Les chefs quittent en général la ville pour s’installer à la campagne, j’ai choisi de faire le contraire, car c’est aussi cette ville qui m’a vu grandir professionnellement. J’y ai fait mon école hôtelière puis, j’ai commencé avec le chef Eric Reithler. Même si j’ai voyagé sur d’autres continents par la suite. J’ai une très grande fierté de revenir dans cette ville dans laquelle j’ai appris et développé ma passion pendant près de 10 ans.

Je souhaitais également que Fleur de Loire exprime l’art de vivre de la vallée de la Loire. Nous avons deux piscines : l’une construite sous la voûte, ancienne cave d’un bâtiment ; l’autre est en extérieur, à débordement avec une vue sur le château. Cette dernière semble contraster avec d’autres grandes destinations, où l’on une vue sur la mer ou un lac… L’originalité sera là d’avoir une vue sur un fleuve !

Nous avons aussi un spa Sisley, maison, bien entendu implantée dans la région, mais présente uniquement dans de très grands établissements ; ce qui fait notre fierté.

V. T. - Cette nouvelle adresse semble centrée avant tout sur la qualité de vie, sur le bien-être et les savoir-faire locaux. Ce projet est-il pour vous une nouvelle façon de développer votre amour du partage de l’excellence, mais aussi d’une vie saine basée sur l’observation de la nature ?

C. H. – En effet, et nos hôtes auront accès à notre démarche d’agriculture et d’élevage en toute conscience. Notamment, nous avons obtenu de la ville de Blois, intéressée par notre projet, 1 hectare et demi agricole en plein cœur de la ville. Nous y avons implanté un conservatoire de l’asperge, avec un référencement de 50 espèces d’asperges différentes. Nous avons d’ailleurs été référencés par la région. Il faut savoir qu’il n’y avait plus d’agriculteur d’asperges dans le Val de Blois.

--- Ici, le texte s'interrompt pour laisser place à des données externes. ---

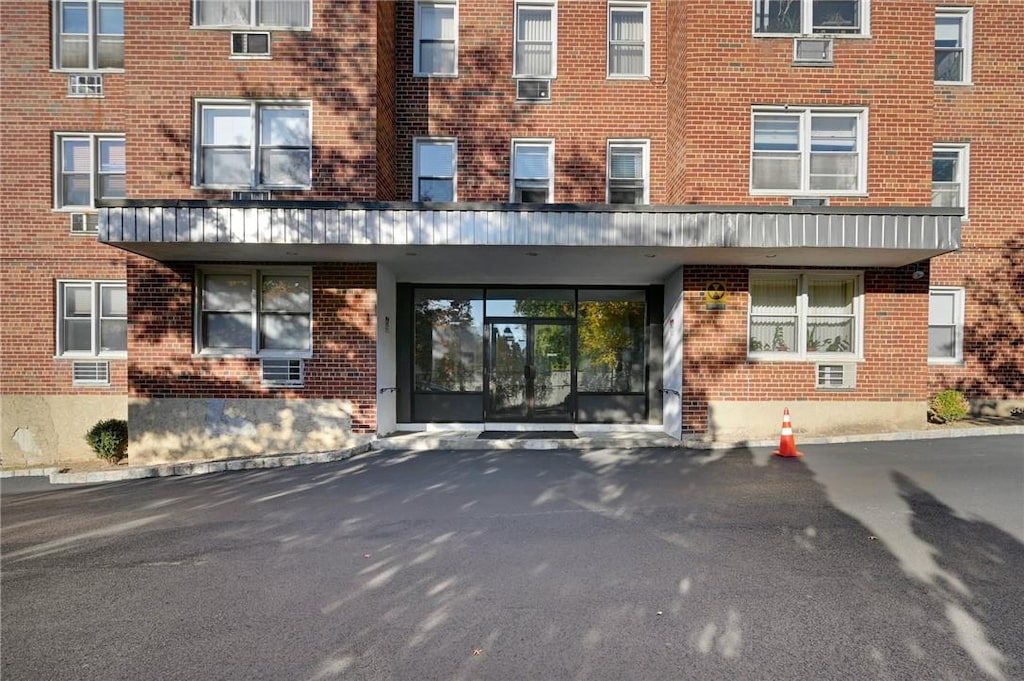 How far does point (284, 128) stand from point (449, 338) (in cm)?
524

V. T. - Pour un chef, très inspiré par les produits locaux, un nouveau lieu entraîne-t-il une nouvelle vision de sa cuisine ? Je pense notamment à la création de la serre aux agrumes.

C. H. – Nous avons créé, dans l’expérience de Fleur de Loire, une petite coursive courant le long du bâtiment. Notre but étant de mettre en éveil les sens, notamment olfactifs, en créant des petits jardins reprenant les essences des jardins solognots. Nous avons monté cette serre, car je suis un amoureux des agrumes. Cette passion est partie du cadeau que l’on m’a fait lors de mon installation en 2014 d’un citronnier quatre saisons. J’ai commencé à m’y intéresser et je possède actuellement 14 variétés différentes d’agrumes, dont les derniers cédrats de Collioure, des cédrats corses, etc.

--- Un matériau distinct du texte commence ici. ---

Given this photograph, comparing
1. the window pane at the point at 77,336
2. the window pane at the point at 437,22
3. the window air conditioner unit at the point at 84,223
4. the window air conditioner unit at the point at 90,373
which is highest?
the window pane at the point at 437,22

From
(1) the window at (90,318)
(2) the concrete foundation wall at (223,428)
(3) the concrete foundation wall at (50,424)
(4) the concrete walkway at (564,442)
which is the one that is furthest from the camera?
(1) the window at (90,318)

J’ai donc fait monter une serre dans un esprit années 30, par une architecte qui les construit à Savigny. Je tenais à faire découvrir cette passion pour les agrumes à mes hôtes.

V. T. - Pourriez-vous nous en dire plus sur les deux restaurants de Fleur de Loire ?

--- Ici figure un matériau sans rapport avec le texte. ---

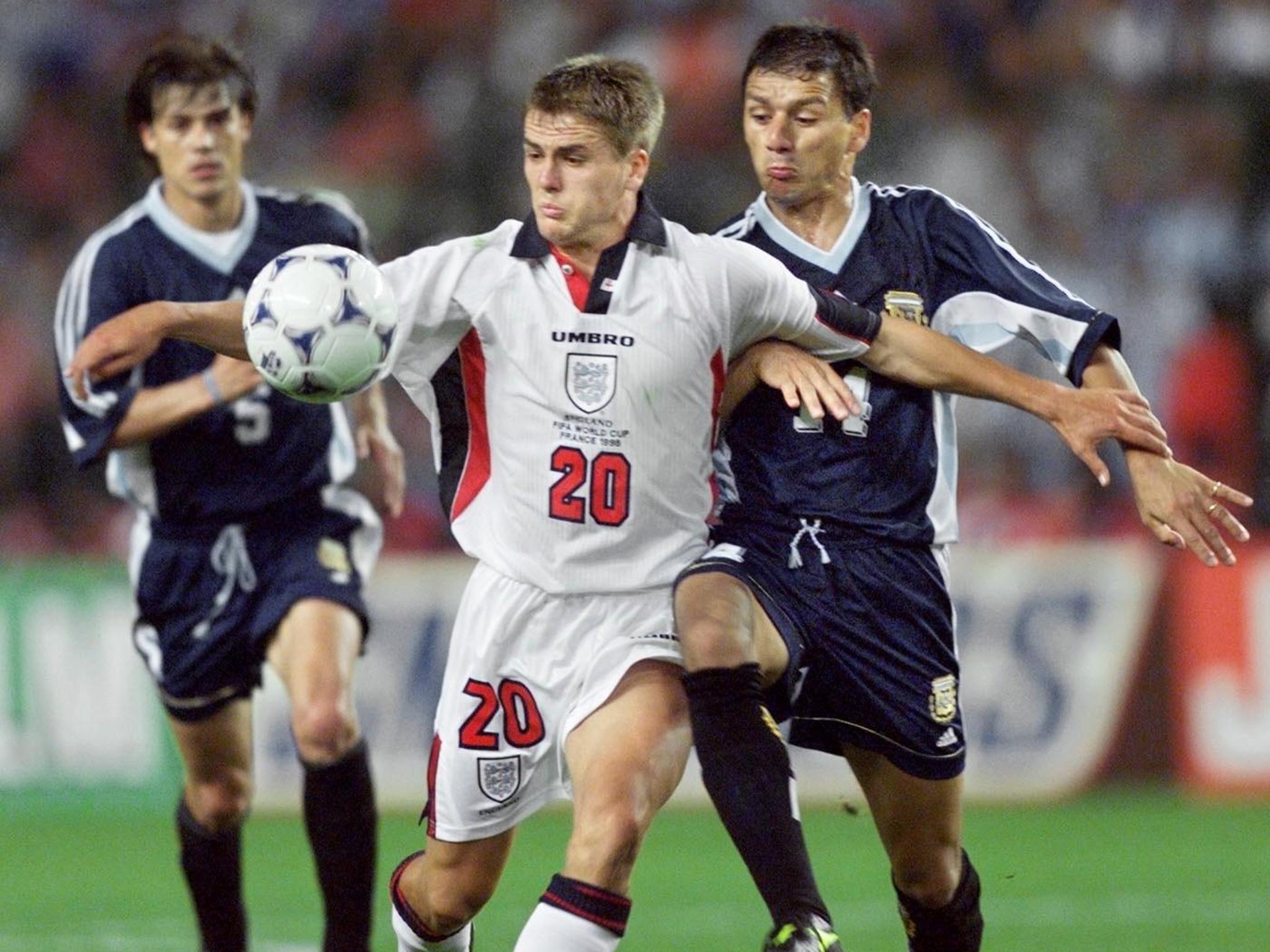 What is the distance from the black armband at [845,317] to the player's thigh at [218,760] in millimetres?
2376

C. H. – Le poumon de Fleur de Loire est la gastronomie, à travers ses deux pôles de restauration : "Le Christophe Hay", mon restaurant signature comportant 35 couverts ; le second restaurant, "Amour Blanc", est situé au pied de la Loire avec une vue magnifique sur Blois. J’ai trouvé important d’apporter ces deux offres, car avec un hébergement de 44 chambres, je tenais à offrir la possibilité de différentes propositions de la haute gastronomie.

Au Christophe Hay nous avons essentiellement des poissons d’eau douce avec les légumes du jardin et nos producteurs locaux. A "Amour Blanc" nous associons la Loire et la mer avec son estuaire, ce qui nous permet d’avoir des offres bien distinctes.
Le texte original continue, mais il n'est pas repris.